How to Build a Stress Tester Tool for Debugging Your Code

I recently wrote about how competitive programmers debug their solutions during competitions. We take advantage of randomization and the computing power in the devices we use daily.

That article was selected as one of the winners of the DebuggingFeb Writeathon and got a lot of visibility from the Hashnode community.

The feedback I got from some of the readers was the best thing that came along with all the visibility. Those readers are what I like to call Active – those who don't stop at the end of the article but instead keep asking questions and suggesting improvements.

One of the more frequent requests I got was if I could try to make this debugging mechanism more similar to a tool devs could use easily in their everyday coding tasks.

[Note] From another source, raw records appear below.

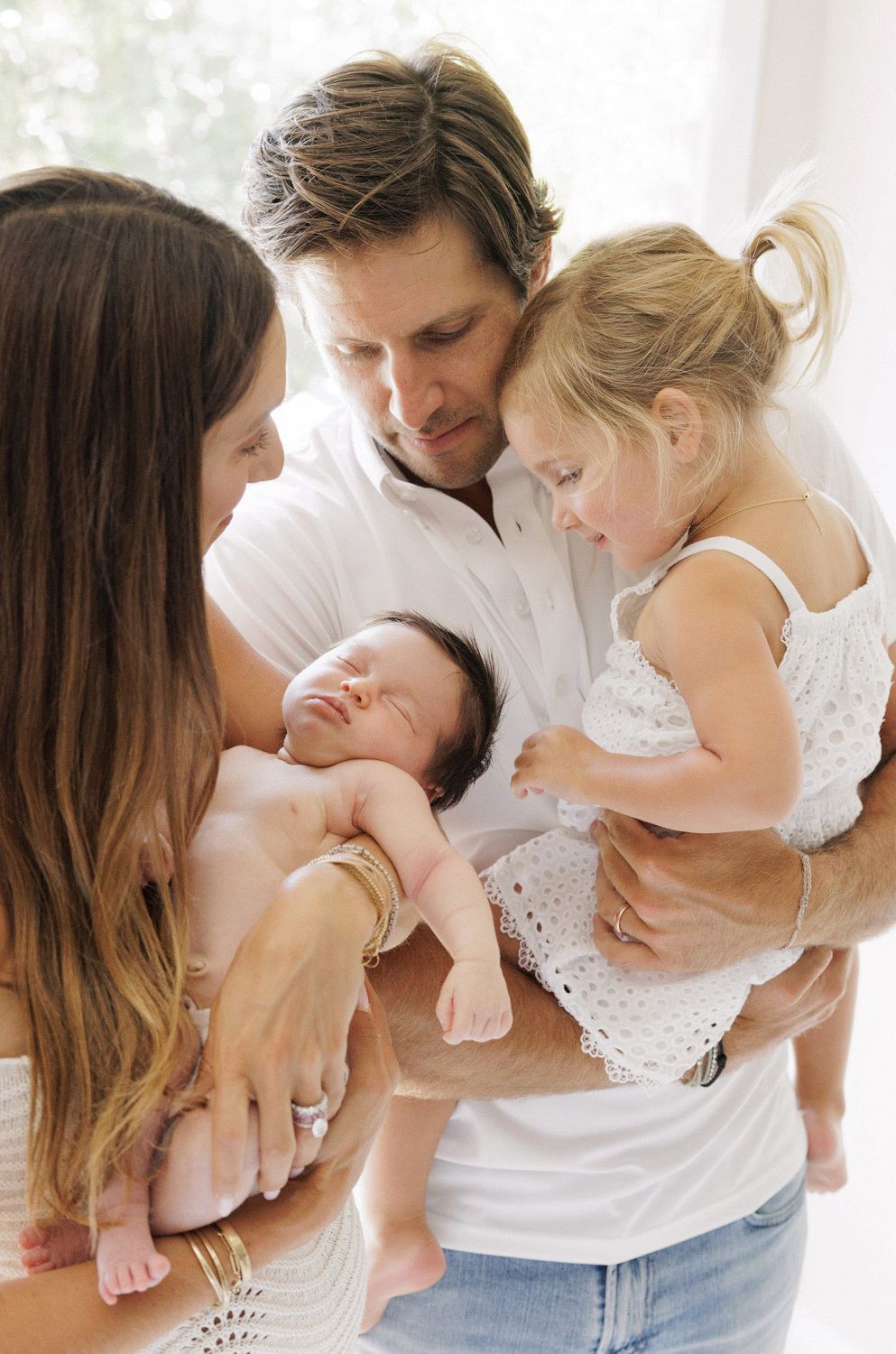 Family of four with parents holding newborn baby and toddler girl, sharing a tender moment together.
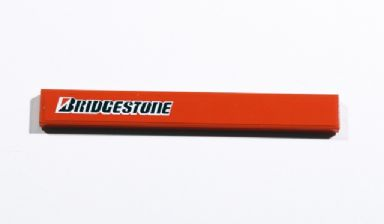 Lego Tile 1 x 8 with 'BRIDGESTONE' Pattern on Left (Sticker) - Set 8674 / Red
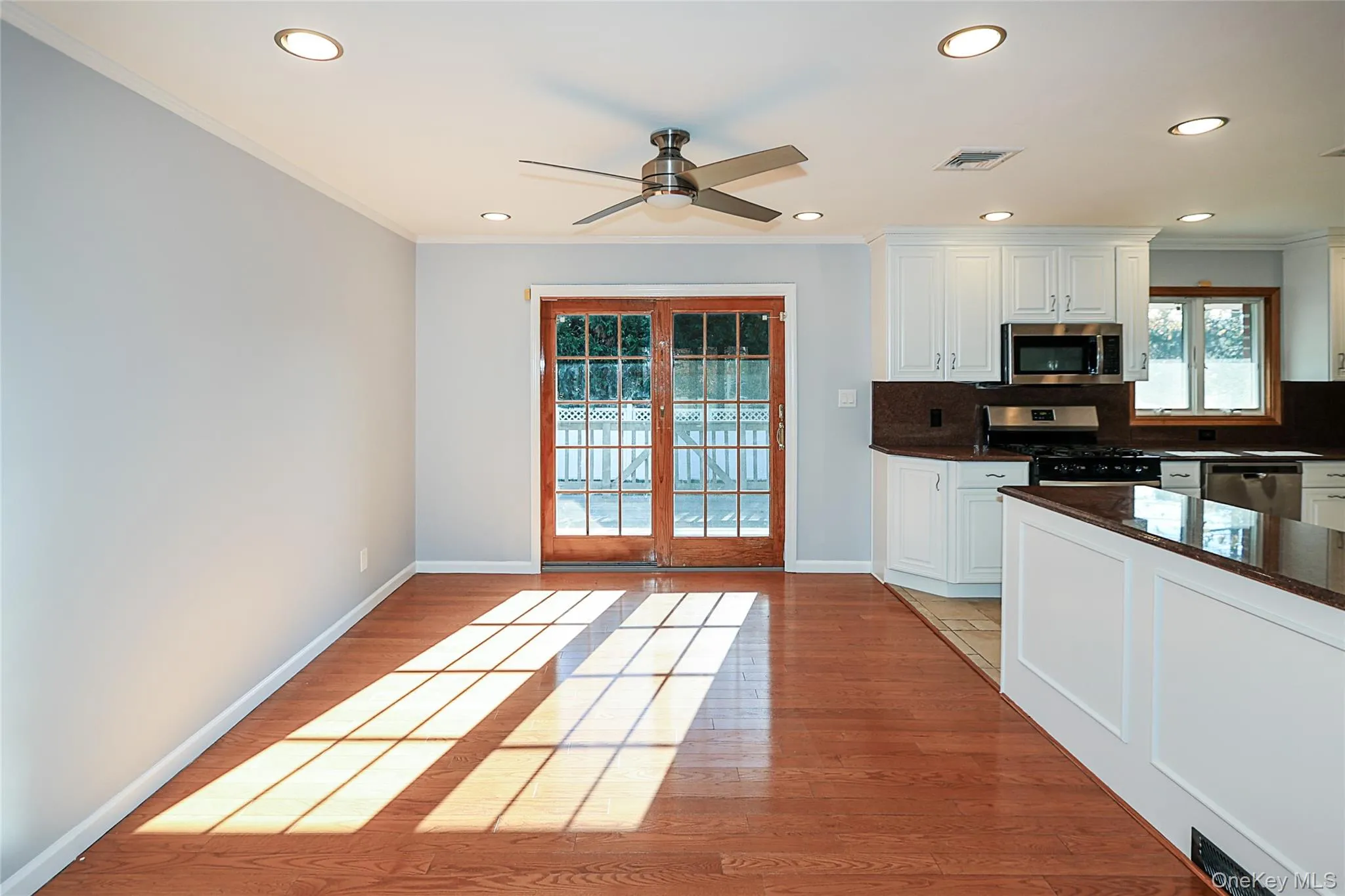 Kitchen featuring white cabinetry, appliances with stainless steel finishes, tasteful backsplash, light wood-type flooring, and ornamental molding Kitchen featuring white cabinetry, appliances with stainless steel finishes, tasteful backsplash, light wood-type flooring, and ornamental molding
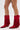A person models the AZALEA WANG GREIA RED RHINESTONE COWBOY BOOTIE—sparkly red, faux suede booties with fringe and pointed toes—against a white background, revealing part of a leg tattoo above the left boot.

This article is my proposal for those of you who keep pushing the limits of knowledge by asking the right questions and giving the proper suggestions.

If you haven't read the article that motivated this one yet, you can do that here. Once you're familiar with the main topic we will discuss, you can dive into the next section and read through the whole article.

Let's go!

What is Stress Testing?

While I didn't put a name to this technique in the first article, it has a proper name in the software developer community. That name is Stress Testing.

We can define stress testing like this:

Stress testing is a software testing activity that determines the robustness of software by testing beyond the limits of normal operation. Stress testing is particularly important for "mission critical" software, but is used for all types of software.

Stress tests commonly put a greater emphasis on robustness, availability, and error handling under a heavy load, than on what would be considered correct behavior under normal circumstances.

Even though this definition is more suitable for real-life software development situations, we an extrapolate it out to our use case. Especially because of the "under a heavy load" part.

The main advantage of this approach to testing solutions is the capacity to generate thousands of test cases and run them in seconds. If that isn't a heavy load, then what is?

The approach of generating thousands of small sample cases to test one solution is not only used by competitive programmers when they try to find bugs during competitions. The problem-setters also use it when they want to determine if a proposed solution for a problem is indeed correct.

I have been on both sides, and I can tell you that the benefits are remarkable. The speed at which you can find counter-tests to your solutions increases at least by a factor of 10. This allows you to spend less time debugging solution proposals and more time on important things.

The Sample Problem

Let's recall the problem we solved last time. The statement was the following:

"Given a sorted array of integers, and an integer x, find the first index of the array containing the number x or return -1 in case the number doesn't appear on the array".

We can solve this problem with a naïve solution that iterates through the list from left to right and stops as soon as it finds an element equal to x. If it reaches the end of the list without finding the element we are looking for, it returns the value -1.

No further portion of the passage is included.